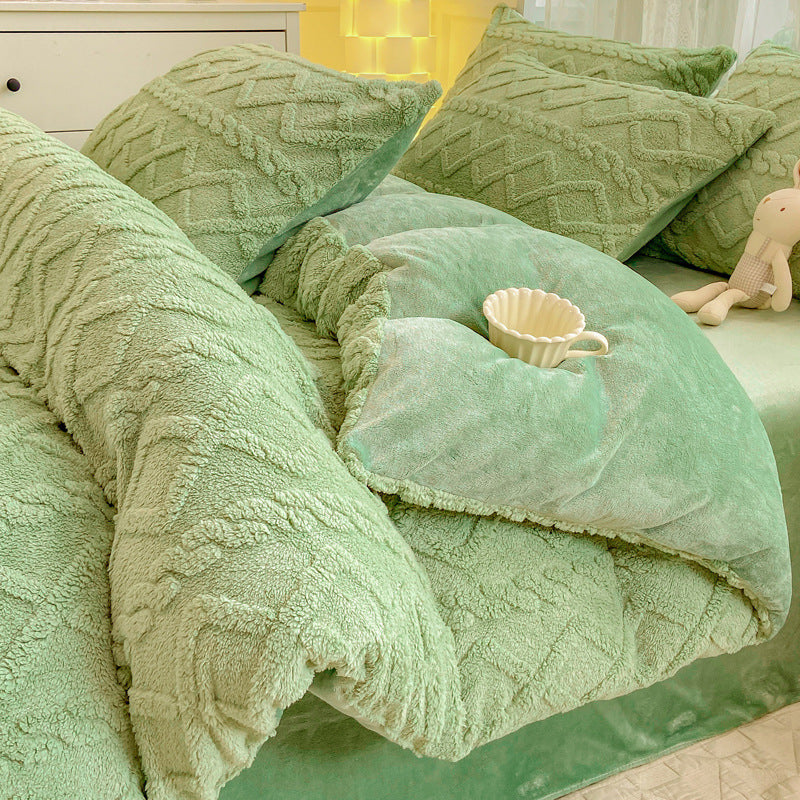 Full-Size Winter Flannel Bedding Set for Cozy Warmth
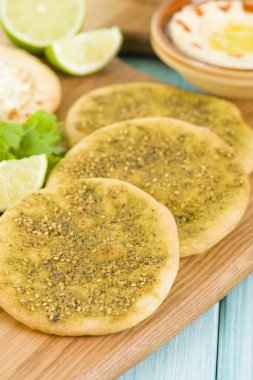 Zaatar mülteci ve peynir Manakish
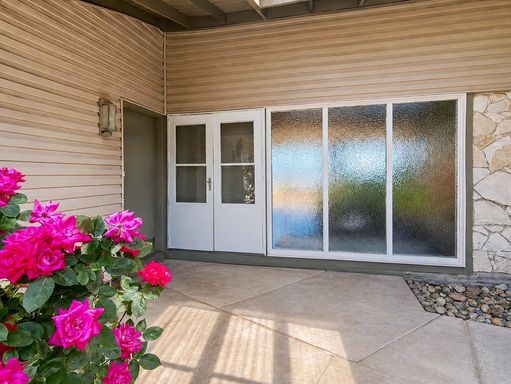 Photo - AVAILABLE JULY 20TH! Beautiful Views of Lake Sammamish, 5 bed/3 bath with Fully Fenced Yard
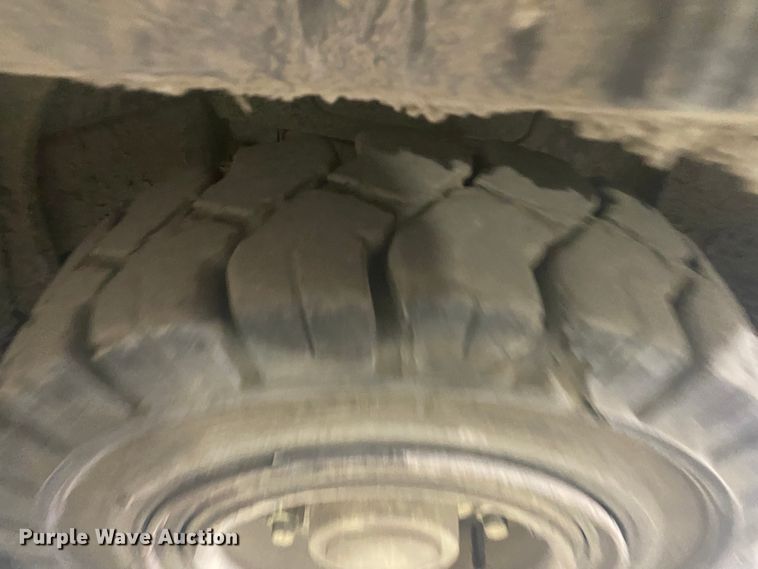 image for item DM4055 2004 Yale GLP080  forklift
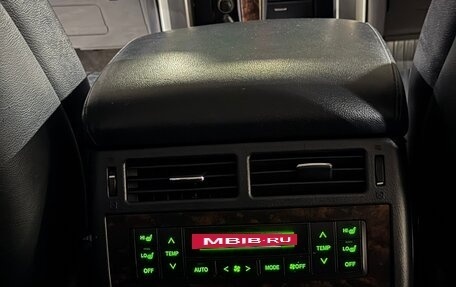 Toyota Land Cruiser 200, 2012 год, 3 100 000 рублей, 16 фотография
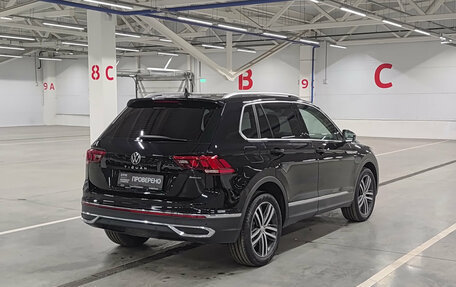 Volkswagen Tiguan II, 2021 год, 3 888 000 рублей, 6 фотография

==*==

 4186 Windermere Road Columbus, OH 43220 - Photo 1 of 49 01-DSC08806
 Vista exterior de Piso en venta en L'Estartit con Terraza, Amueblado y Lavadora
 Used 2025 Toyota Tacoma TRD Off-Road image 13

==*==

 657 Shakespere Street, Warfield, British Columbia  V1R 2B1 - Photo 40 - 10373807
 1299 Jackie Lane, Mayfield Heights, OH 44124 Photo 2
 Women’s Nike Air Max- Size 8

==*==

Task: Work from the entries above. Set down exactly and only the lines from the line with "Full-Size Winter Flannel" to the line with "Volkswagen Tiguan II, 2021", both included, and leave the pictures out.

Reply:
 Full-Size Winter Flannel Bedding Set for Cozy Warmth
 Zaatar mülteci ve peynir Manakish
 Photo - AVAILABLE JULY 20TH! Beautiful Views of Lake Sammamish, 5 bed/3 bath with Fully Fenced Yard
 image for item DM4055 2004 Yale GLP080  forklift
 Toyota Land Cruiser 200, 2012 год, 3 100 000 рублей, 16 фотография
 Volkswagen Tiguan II, 2021 год, 3 888 000 рублей, 6 фотография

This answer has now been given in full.